In [2]:
import findspark
findspark.init()

In [4]:
from pyspark.sql import SparkSession
from pyspark.sql.functions import desc

In [6]:
# Create a SparkSession
spark = SparkSession.builder \
    .appName("DataFrame Demo") \
    .config("spark.executor.memory", "2g") \
    .config("spark.sql.shuffle.partitions", "4") \
    .getOrCreate()

In [7]:
spark

## **Using RDD's**

In [11]:
# Ensure spark is already initialized from the previous cell
rdd = spark.sparkContext.textFile("./data/data.txt")

result_rdd = rdd.flatMap(lambda line: line.split(" ")) \
    .map(lambda word: (word, 1)) \
    .reduceByKey(lambda a, b: a + b) \
    .sortBy(lambda x: x[1], ascending=False)

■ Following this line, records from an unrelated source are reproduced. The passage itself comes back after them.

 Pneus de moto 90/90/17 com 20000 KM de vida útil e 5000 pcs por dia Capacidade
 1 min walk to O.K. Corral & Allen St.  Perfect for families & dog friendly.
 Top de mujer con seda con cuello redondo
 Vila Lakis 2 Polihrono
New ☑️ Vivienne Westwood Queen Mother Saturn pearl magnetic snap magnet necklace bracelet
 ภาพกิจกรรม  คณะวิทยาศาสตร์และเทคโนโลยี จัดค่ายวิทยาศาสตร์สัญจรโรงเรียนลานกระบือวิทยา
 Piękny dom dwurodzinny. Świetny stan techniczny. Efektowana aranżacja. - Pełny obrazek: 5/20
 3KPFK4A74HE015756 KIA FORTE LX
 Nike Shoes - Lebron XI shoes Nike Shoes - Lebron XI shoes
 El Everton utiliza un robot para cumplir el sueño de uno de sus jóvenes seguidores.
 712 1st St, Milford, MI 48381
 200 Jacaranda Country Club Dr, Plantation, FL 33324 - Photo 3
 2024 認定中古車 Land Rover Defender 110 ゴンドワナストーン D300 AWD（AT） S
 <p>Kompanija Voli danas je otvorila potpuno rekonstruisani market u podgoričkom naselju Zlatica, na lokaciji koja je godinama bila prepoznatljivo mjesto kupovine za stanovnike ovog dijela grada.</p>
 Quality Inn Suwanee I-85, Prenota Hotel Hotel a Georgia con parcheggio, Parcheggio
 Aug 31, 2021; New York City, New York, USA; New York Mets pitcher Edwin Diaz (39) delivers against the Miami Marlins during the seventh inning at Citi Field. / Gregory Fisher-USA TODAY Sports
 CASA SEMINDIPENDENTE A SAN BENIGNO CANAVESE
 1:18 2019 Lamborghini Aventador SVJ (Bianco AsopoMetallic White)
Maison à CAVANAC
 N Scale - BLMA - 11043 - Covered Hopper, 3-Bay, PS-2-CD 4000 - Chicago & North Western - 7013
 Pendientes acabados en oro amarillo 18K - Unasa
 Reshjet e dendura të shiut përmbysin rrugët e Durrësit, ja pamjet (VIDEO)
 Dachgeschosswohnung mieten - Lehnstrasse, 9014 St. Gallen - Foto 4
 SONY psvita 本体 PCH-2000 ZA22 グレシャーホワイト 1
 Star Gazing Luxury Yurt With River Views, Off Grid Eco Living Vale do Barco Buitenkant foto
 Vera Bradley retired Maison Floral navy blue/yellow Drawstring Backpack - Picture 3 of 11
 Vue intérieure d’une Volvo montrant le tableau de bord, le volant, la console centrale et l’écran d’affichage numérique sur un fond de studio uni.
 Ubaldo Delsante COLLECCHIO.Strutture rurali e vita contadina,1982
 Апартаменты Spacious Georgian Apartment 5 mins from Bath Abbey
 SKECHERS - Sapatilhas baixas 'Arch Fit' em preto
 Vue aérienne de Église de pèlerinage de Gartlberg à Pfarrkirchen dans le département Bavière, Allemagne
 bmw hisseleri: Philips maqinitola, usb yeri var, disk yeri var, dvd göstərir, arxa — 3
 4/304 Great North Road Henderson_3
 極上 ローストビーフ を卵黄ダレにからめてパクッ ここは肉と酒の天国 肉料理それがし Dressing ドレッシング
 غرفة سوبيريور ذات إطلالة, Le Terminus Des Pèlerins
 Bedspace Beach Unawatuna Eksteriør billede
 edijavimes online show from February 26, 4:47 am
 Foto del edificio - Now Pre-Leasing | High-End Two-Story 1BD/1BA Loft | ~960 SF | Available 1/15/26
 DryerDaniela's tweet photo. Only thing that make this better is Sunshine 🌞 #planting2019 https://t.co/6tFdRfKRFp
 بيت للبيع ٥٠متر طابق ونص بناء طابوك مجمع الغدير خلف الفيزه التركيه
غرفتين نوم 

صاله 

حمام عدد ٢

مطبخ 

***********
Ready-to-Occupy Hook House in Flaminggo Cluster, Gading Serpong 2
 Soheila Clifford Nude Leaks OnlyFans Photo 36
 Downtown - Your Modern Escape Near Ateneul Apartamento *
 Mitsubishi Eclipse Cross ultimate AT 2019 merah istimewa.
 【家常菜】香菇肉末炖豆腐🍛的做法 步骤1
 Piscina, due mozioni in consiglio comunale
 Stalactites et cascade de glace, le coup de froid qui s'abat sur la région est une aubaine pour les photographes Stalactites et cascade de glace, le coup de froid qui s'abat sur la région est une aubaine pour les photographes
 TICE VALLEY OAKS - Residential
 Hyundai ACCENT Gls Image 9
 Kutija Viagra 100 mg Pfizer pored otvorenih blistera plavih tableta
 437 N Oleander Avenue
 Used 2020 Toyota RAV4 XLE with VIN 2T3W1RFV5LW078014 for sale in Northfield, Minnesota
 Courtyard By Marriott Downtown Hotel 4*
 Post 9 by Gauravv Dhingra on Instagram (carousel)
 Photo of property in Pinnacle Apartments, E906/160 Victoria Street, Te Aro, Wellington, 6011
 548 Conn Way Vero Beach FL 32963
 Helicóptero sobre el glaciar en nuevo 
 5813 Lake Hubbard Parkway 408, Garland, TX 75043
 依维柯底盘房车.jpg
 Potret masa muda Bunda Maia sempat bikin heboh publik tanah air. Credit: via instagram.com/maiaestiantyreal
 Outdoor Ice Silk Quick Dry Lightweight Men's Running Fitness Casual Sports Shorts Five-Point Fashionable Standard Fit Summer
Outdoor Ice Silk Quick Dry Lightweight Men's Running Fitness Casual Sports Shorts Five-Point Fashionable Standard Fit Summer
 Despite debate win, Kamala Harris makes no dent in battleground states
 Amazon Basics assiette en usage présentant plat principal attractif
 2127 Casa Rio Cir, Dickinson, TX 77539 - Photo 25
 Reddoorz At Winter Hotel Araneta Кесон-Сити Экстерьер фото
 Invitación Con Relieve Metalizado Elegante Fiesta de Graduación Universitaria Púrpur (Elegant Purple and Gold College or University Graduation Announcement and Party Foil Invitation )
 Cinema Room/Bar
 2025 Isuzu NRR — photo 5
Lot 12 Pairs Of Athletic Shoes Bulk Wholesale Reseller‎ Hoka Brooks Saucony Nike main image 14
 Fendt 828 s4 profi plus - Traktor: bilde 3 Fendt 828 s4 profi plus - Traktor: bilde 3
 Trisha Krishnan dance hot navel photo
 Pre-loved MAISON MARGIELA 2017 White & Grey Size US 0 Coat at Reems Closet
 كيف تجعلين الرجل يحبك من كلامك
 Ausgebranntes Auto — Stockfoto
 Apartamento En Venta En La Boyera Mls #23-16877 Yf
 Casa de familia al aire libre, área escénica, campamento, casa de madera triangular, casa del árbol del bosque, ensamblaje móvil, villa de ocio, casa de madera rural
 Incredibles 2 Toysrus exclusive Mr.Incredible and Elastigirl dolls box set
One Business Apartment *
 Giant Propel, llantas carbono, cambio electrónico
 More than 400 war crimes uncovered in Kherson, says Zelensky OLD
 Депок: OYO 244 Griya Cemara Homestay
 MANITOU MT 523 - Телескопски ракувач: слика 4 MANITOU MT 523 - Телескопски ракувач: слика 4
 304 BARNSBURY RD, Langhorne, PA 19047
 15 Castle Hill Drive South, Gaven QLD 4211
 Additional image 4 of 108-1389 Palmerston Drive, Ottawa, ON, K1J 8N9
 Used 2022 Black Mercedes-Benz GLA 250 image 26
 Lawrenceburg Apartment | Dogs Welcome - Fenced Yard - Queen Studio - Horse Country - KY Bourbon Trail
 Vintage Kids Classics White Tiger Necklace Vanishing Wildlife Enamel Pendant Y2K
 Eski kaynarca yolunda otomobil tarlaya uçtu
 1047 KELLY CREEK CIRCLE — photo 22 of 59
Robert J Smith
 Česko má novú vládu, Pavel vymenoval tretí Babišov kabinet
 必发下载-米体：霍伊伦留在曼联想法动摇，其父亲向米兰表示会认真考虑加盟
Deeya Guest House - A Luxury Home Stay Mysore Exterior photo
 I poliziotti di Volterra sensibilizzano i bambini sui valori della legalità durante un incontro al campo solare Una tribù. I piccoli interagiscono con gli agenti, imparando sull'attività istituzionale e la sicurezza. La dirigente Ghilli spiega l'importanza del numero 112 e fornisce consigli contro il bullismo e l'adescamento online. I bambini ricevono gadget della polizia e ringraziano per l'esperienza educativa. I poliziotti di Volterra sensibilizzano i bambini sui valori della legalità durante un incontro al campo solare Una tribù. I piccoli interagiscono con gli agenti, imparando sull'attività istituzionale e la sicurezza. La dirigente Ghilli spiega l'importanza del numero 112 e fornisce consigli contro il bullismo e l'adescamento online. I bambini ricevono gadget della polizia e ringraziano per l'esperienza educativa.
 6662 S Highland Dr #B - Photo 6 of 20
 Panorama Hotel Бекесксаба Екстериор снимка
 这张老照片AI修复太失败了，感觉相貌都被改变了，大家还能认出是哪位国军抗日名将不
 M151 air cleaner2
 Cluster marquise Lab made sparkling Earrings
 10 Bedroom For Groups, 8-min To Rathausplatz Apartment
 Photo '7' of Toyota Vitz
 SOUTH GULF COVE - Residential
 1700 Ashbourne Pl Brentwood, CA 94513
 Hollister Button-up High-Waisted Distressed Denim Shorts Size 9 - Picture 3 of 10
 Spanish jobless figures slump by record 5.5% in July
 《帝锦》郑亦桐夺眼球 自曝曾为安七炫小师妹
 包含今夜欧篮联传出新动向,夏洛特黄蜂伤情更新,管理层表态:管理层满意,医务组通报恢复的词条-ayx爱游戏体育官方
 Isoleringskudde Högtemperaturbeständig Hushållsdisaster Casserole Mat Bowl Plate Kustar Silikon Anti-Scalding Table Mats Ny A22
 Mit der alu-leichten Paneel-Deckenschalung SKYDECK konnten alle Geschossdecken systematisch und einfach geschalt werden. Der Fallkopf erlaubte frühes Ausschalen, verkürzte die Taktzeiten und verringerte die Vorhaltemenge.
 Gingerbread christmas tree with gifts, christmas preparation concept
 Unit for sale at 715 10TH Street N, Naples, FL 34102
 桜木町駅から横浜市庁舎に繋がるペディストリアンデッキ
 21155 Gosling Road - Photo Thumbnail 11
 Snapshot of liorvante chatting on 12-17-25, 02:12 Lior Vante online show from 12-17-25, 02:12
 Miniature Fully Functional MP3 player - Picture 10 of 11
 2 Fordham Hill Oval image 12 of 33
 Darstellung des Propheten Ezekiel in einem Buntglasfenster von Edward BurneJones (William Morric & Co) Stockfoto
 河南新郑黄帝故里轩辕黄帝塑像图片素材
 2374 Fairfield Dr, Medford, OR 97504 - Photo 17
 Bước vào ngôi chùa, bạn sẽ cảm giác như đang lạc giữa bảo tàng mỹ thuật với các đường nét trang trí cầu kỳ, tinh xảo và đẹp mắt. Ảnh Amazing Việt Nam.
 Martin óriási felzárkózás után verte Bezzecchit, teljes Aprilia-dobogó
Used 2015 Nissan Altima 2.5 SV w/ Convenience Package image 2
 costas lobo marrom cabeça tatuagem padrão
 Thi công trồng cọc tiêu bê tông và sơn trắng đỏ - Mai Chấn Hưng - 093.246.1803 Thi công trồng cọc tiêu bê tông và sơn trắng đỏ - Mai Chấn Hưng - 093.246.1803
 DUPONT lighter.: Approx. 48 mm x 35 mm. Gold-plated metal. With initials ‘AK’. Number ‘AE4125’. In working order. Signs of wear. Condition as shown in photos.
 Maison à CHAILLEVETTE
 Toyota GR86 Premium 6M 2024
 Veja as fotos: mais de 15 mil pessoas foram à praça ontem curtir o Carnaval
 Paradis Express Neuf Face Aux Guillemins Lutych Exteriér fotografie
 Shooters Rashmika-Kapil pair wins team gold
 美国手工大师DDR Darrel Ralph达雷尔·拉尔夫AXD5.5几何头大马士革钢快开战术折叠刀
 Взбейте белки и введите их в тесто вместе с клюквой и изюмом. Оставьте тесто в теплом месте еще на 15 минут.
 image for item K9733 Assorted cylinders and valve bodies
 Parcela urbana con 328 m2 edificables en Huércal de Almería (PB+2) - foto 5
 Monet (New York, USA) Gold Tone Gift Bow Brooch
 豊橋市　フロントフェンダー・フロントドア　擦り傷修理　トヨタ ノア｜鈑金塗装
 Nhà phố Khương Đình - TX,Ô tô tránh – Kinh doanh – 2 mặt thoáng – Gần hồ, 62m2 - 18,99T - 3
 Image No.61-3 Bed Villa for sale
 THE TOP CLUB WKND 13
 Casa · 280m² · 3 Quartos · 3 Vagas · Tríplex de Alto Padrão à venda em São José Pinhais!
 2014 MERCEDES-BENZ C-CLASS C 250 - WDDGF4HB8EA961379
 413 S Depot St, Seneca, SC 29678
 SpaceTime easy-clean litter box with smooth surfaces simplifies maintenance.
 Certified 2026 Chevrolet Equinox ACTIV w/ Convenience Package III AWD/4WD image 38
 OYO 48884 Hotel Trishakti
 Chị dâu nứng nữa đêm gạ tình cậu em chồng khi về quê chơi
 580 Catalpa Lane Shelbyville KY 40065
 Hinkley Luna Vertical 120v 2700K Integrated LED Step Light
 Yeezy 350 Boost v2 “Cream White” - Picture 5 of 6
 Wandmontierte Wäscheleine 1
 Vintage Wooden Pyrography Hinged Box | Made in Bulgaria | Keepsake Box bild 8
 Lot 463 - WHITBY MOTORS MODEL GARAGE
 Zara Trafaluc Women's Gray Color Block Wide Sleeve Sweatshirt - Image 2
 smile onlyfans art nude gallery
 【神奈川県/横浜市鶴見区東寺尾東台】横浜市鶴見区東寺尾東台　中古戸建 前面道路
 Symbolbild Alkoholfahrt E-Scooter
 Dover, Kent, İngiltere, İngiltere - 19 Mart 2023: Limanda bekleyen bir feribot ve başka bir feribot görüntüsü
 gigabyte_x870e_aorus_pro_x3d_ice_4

# This should now produce output
result_rdd.take(10)

[('is', 3),
 ('Spark', 3),
 ('text', 2),
 ('for', 2),
 ('distributed', 2),
 ('of', 2),
 ('This', 2),
 ('a', 2),
 ('RDD', 2),
 ('sample', 1)]

# **Using DataFrames**

In [12]:
df = spark.read.text("./data/data.txt")

result_df = df.selectExpr("explode(split(value, ' ')) as word") \
    .groupBy("word").count().orderBy(desc("count"))

In [13]:
result_df.take(10)

[Row(word='is', count=3),
 Row(word='Spark', count=3),
 Row(word='for', count=2),
 Row(word='RDD', count=2),
 Row(word='text', count=2),
 Row(word='distributed', count=2),
 Row(word='a', count=2),
 Row(word='This', count=2),
 Row(word='of', count=2),
 Row(word='file', count=1)]

In [14]:
spark.stop()